#### EXTRACTED MATERIAL

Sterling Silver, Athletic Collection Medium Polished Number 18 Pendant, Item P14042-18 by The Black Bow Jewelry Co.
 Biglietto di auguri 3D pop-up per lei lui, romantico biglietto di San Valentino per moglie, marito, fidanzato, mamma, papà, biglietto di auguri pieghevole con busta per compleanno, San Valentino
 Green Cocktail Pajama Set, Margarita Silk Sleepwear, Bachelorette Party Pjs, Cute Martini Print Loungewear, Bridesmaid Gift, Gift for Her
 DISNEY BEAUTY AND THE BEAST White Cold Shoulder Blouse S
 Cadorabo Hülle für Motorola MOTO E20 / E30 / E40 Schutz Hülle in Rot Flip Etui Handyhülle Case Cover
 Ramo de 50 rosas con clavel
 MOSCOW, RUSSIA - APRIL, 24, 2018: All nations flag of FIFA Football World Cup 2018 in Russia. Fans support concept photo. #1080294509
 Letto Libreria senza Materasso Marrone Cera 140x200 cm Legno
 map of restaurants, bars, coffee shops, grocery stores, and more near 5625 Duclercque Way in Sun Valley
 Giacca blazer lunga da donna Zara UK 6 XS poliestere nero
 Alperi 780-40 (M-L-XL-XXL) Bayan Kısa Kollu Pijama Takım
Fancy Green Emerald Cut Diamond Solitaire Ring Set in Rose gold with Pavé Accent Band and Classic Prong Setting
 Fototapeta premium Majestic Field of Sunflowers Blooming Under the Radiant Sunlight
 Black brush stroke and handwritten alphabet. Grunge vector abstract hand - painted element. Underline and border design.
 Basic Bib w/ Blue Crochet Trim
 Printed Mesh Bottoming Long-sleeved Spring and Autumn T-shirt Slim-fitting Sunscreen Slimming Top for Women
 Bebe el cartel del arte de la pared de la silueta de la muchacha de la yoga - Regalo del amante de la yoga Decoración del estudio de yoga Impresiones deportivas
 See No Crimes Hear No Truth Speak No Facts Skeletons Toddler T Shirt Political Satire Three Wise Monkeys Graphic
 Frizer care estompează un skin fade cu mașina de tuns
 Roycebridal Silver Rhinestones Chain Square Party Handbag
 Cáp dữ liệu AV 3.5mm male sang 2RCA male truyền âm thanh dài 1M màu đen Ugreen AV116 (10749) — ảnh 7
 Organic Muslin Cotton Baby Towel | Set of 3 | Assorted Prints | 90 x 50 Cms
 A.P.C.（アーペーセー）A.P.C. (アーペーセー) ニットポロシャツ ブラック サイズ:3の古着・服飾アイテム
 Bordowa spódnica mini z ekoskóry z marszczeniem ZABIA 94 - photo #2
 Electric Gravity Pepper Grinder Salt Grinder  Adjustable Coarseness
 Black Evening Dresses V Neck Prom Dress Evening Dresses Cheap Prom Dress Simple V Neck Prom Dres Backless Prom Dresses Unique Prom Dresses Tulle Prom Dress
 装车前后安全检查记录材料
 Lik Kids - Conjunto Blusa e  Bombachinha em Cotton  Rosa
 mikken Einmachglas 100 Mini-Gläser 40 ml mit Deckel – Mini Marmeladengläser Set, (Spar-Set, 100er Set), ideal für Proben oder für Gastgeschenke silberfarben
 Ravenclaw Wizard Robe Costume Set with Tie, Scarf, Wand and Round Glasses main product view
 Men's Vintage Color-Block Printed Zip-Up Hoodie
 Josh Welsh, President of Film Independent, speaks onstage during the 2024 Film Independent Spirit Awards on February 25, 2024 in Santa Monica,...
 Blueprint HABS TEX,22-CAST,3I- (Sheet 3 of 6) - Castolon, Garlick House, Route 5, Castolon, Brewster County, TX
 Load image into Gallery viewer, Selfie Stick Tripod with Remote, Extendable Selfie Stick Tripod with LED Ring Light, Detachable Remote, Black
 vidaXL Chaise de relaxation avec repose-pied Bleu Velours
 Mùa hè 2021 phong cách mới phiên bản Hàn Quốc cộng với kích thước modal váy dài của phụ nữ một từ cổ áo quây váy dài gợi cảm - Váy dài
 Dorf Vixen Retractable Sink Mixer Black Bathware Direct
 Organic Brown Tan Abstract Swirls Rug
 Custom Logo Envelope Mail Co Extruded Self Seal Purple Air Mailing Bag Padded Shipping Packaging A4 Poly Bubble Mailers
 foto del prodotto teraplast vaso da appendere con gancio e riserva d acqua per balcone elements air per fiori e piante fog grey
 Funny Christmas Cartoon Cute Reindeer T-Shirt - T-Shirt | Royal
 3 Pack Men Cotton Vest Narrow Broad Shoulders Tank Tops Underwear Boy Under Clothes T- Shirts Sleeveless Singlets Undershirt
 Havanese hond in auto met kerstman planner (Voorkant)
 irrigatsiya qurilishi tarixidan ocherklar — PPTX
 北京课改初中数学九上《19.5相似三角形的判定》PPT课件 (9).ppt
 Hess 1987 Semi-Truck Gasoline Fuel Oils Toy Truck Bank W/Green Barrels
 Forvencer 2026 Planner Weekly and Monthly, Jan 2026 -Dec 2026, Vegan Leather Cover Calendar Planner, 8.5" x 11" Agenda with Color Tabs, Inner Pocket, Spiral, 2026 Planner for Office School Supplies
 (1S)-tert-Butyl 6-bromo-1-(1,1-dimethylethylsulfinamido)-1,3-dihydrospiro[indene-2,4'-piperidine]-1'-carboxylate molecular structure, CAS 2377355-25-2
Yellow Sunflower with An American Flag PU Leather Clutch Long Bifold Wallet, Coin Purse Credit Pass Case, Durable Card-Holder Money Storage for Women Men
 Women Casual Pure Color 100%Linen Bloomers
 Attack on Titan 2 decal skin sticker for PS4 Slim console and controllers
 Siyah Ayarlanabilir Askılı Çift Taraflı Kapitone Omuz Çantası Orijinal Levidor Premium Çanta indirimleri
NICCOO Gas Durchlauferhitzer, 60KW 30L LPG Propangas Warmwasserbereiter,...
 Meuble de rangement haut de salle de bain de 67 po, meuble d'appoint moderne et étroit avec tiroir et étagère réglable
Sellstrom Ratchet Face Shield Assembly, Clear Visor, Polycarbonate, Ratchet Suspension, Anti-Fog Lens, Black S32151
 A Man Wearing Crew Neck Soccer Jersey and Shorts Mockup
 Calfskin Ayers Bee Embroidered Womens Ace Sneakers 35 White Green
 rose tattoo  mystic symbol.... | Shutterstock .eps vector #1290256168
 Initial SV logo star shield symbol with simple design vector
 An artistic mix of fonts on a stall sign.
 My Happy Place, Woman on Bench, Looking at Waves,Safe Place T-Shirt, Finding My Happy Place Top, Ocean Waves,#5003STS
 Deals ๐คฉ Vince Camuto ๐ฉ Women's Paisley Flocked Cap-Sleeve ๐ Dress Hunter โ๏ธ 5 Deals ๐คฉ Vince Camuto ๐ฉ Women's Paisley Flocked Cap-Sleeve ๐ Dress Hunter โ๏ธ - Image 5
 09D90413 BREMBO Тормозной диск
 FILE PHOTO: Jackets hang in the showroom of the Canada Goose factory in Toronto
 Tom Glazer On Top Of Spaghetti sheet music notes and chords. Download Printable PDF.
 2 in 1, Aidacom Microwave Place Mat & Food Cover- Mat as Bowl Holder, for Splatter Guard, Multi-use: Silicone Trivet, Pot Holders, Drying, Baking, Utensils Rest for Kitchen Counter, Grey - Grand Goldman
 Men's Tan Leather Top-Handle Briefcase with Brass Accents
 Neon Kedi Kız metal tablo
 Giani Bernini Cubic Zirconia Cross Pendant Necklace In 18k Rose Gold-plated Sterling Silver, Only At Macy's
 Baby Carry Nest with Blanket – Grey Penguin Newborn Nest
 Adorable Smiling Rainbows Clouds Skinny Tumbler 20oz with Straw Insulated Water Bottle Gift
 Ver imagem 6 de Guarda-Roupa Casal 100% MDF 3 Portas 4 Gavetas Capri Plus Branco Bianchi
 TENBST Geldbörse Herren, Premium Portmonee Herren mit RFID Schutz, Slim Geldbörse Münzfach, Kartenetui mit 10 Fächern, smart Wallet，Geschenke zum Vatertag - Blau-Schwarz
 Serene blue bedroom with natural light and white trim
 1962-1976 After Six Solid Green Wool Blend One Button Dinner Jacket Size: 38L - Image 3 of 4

########

WHAT TO PRODUCE -
Please reproduce, exactly as they appear above, the lines from the line containing "Organic Brown Tan Abstract Swirls Rug" up to and including the line containing "foto del prodotto".

TASK OUTPUT -
 Organic Brown Tan Abstract Swirls Rug
 Custom Logo Envelope Mail Co Extruded Self Seal Purple Air Mailing Bag Padded Shipping Packaging A4 Poly Bubble Mailers
 foto del prodotto teraplast vaso da appendere con gancio e riserva d acqua per balcone elements air per fiori e piante fog grey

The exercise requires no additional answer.